Die
Unbekümmertheit, mit der immer neue Generationen italienischer
Musiker ihre Varianten dieser ganz eigenen italienischen Popmusik vorstellen,
von der wir nie genau wissen, ob - und wo - sie die Grenzen des guten
Geschmacks überschreiten, stürzt Musikkritiker diesseits der
Alpen regelmäßig in existenzielle Verlegenheit.
Ramazzotti
singt Schnulzen ? Ja, und dafür verachtet man ihn, aber niemand
singt Schnulzen so wie er, und dafür liebt man ihn (heimlich,
versteht sich).

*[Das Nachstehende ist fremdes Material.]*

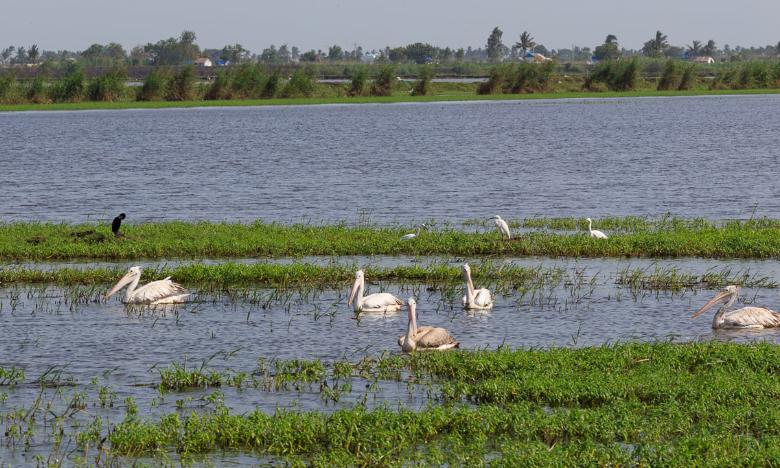 Andhra Pradesh Awaits More Migratory Birds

Und mit der selben Geschwindigkeit, mit der wir die
Altvorderen der italienischen Pop- und Cantautore-Szene kategorisieren
und aburteilen, wachsen immer neue Talente nach, zuletzt NEK, und
jetzt der 30-jährige Mailänder Davide de Marinis, dessen
Album "Quello che ho" gerade erstmals in Deutschland vorgestellt
wurde, und von dem man bald sicher noch mehr zu hören bekommen
wird: Wahrscheinlich demnächst als Hintergrundmusik in jeder
Pizzeria, und das wäre so ziemlich das Schlimmste, was ihm passieren
könnte.
Bereits
mit 15 begann Davide de Marinis, eigene Lieder zu komponieren, schlug
sich wie Millionen andere Jugendliche in Europa mit Jobs als Kellner,
Fahrer und Schuhverkäufer durch, bis er schließlich seine
ersten Festival-Erfolge als Musiker erreichte. Insbesondere die Teilnahme
am Song-Festival von San Remo, DEM musikalischen Ereignis in Italien,
bescherte ihm Einladungen zu weiteren Auftritten in Radio und TV-Stationen.
In
seinen Liedern erzählt er Alltagsgeschichten, Träume, Hoffnungen
und Sehnsüchte, ungekünstelt, natürlich und sympathisch.
Die schmissige Pop-Nummer "Troppo bella", in Italien bereits
ein Überraschungserfolg, könnte auch bei uns ein Radio-Hit
werden, und auch mit der einen oder anderen Ballade stellt de Marinis
ebenso professionelles wie einfühlsames Songwriting unter Beweis,
wobei Lieder wie "Se davvero" und "Ciò che cerco"
mit ihren souveränen und raffinierten Arrangements besonders
gelungen sind.
Im
Gegensatz zum abwechlungsreichen und melodiösen Album steht offenbar
sein langweiliger Lebensstil: Über de Marinis wird gesagt, dass
er weder trinke noch rauche und auch nie Schimpfwörter benutze.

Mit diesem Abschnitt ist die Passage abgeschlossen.